Vous l'avez ? En fait c'est surtout une histoire de terrain de jeu et de règles un peu plus strictes.
" Les boules n'ont rien à voir entre-elles " Un vendeur sur le Breuil
Mais la différence qui saute rapidement aux yeux des non initiés, qui se promènent sur le Breuil, entre les stands de vendeurs de boules, c'est la taille des boules. La lyonnaise semble bien plus grosse et plus lourde que la boule de pétanque. Chose que nous confirme, un des vendeurs : " Les boules n'ont rien à voir entre elles. Le diamètre maximum d'une boule de pétanque c'est 80 mm et son poids peut varier entre 600 et 800 grammes. Elle est constitué de deux hémisphères en acier qui sont soudés entre eux. La lyonnaise par contre, est bien plus grosse et plus lourde. Son diamètre peut aller jusqu'à 110 mm et elle peut peser jusqu'a 1300 grammes. On la fond d'un seul bloc".
Du coup, la boule lyonnaise est aussi plus chère.
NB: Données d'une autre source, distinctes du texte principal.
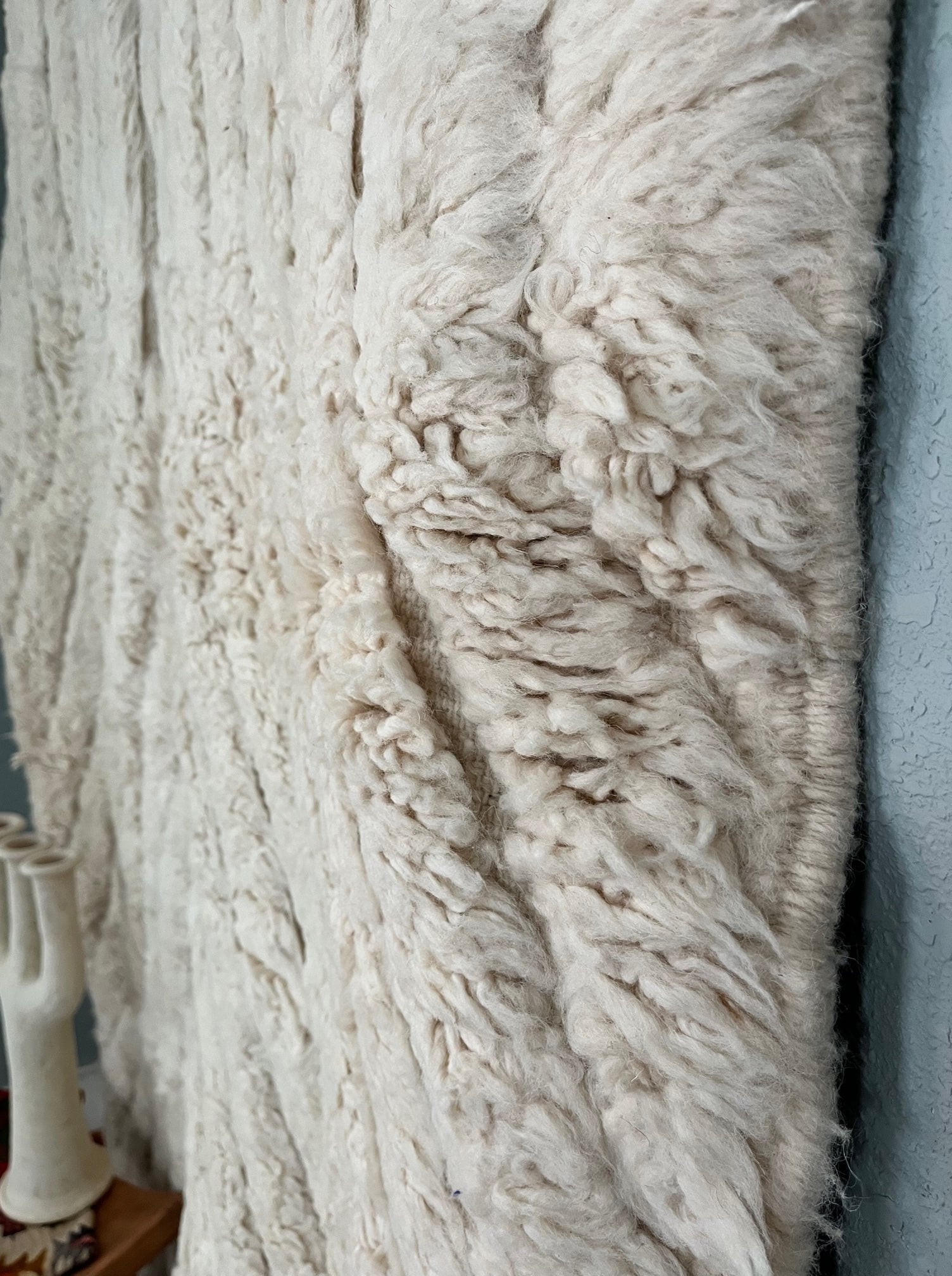 Farha | 5 x 8 Beni Ourain Rug}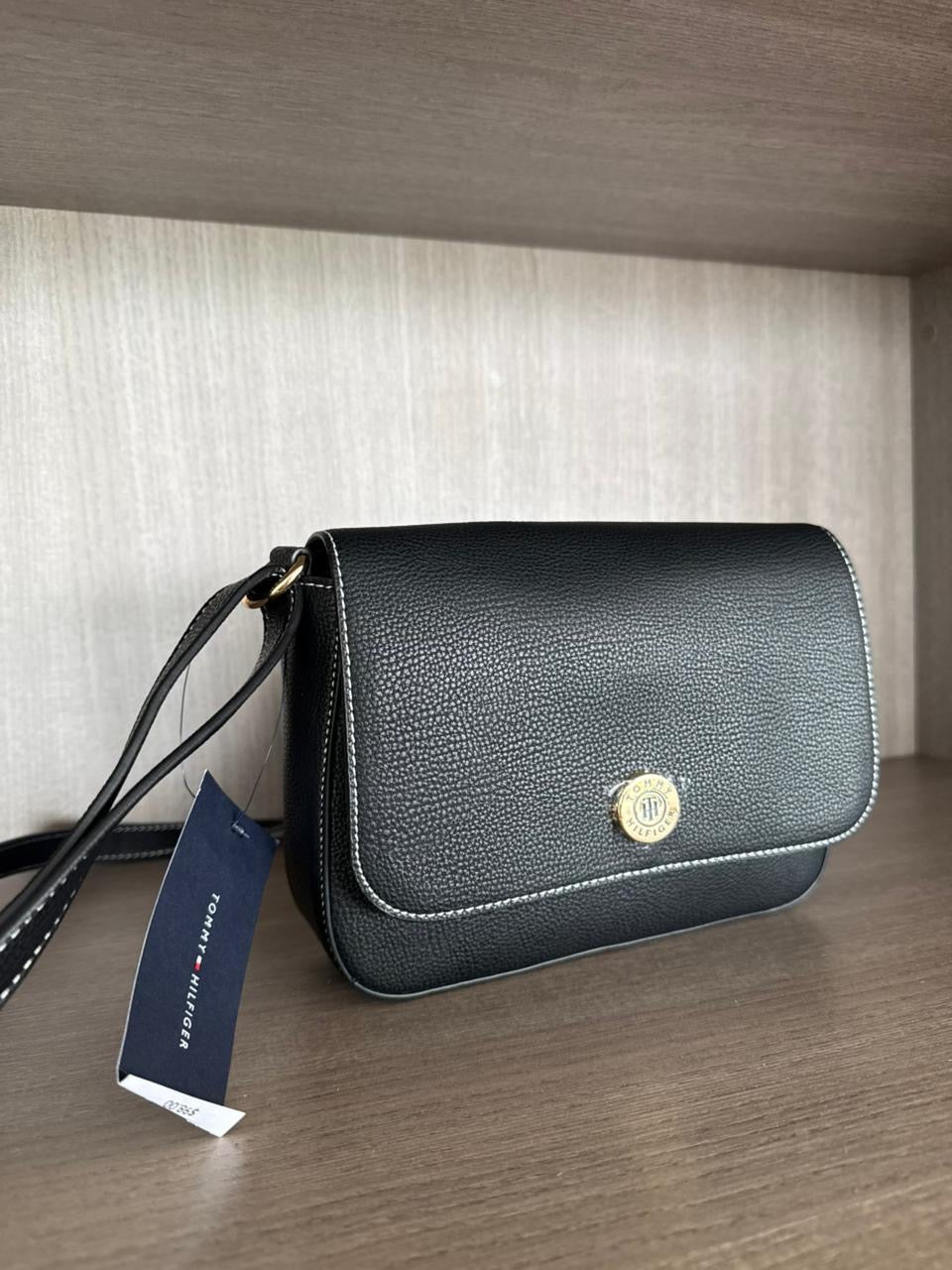 CROSSBODY TOMMY HILFIGER NEGRO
Les prix démarrent à 70 euros pièce environ alors que vous trouverez dans le commerce un jeu complet de boules de pétanque pour 40 euros. Alors, la lyonnaise serait-elle plus élitiste que la pétanque? Pas forcément. Le monde de la boule est parfois surprenant.
Pétanque versus Lyonnaise
" La pétanque devient hyper branchave " Alain, lyonnais, passionné de boules
Alain est venu de Lyon pour assister aux trois jours du championnat. C'est un passionné de la boule. Qu'elle soit de pétanque ou lyonnaise, même s'il avoue finalement avoir une préférence pour cette dernière. Sa ville d'origine nous permet de supposer qu'il sait de quoi il parle. Il reconnait facilement que beaucoup de clichés entourent encore la pétanque : " On la perçoit comme le sport populaire par excellence, c'est indéniable. Plein de gens l'associent encore aux apéros anisés et aux grillades avec le bruit des cigales en arrière fond. Les plus méchants ou ceux qui lisent encore Cabu en feront même l'apanage du beauf. Pourtant à Lyon , et je pense qu'on peut élargir à toute la France, la pétanque devient hyper branchave. A Lyon, il y a même depuis quelques années, un mini festival électro-pétanque. Le rendez-vous de tous les bobos".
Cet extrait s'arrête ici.